**Task to complete**
Everything from the line containing "Радіатор охолодження NISSENS" to the end of the listing, both included, should be returned exactly, apart from the pictures.

**Provided data**
= = =
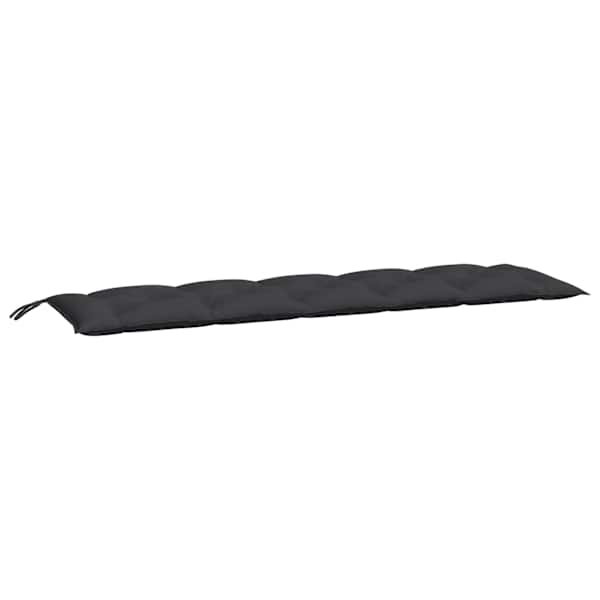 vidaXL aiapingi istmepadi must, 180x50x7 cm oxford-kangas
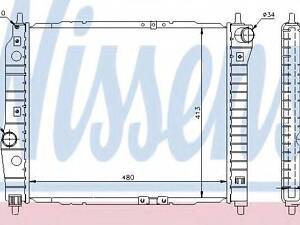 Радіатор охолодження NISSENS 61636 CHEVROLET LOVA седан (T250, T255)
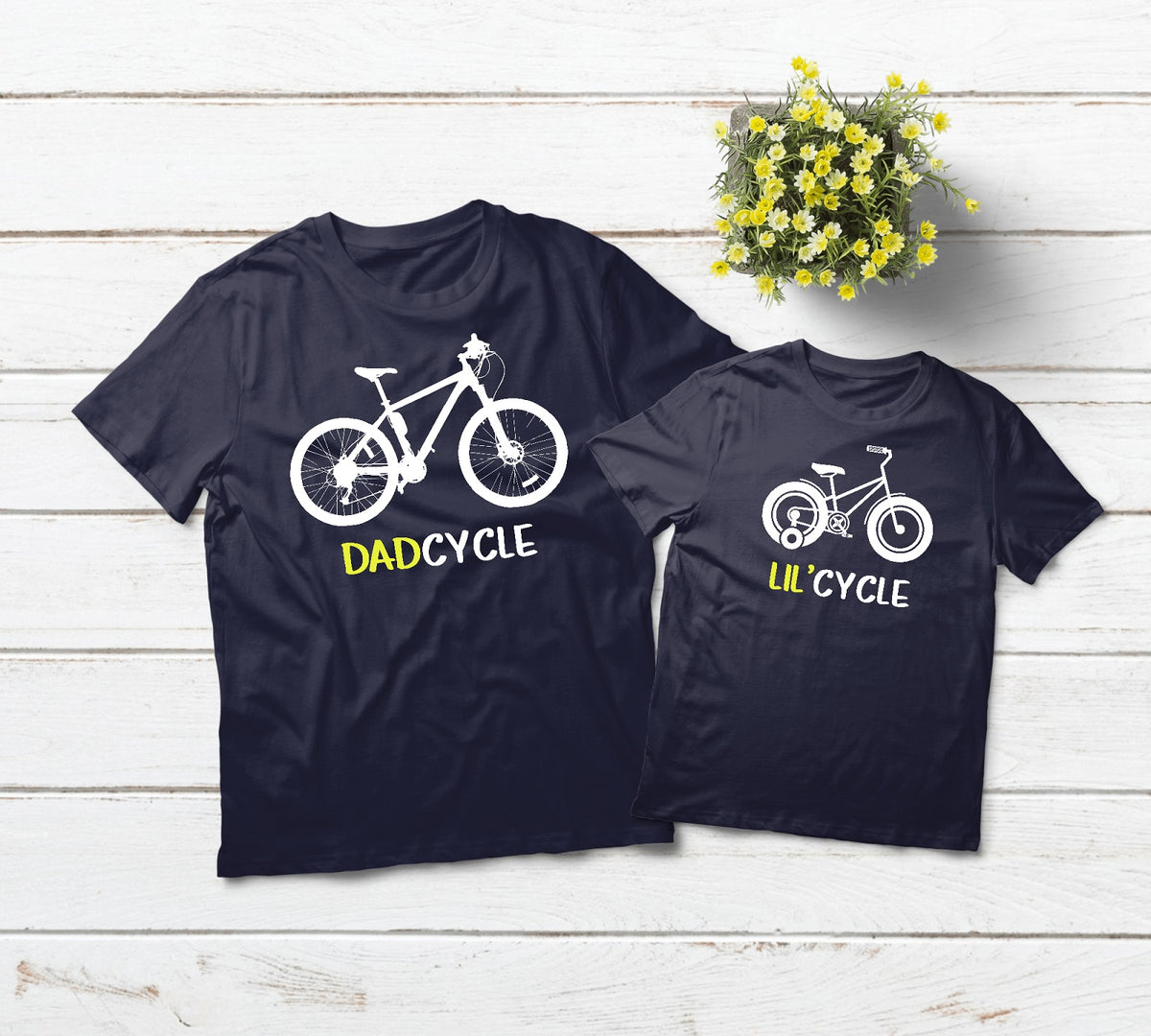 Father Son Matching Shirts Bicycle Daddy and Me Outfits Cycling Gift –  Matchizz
= = =
**Result**
 Радіатор охолодження NISSENS 61636 CHEVROLET LOVA седан (T250, T255)
 Father Son Matching Shirts Bicycle Daddy and Me Outfits Cycling Gift –  Matchizz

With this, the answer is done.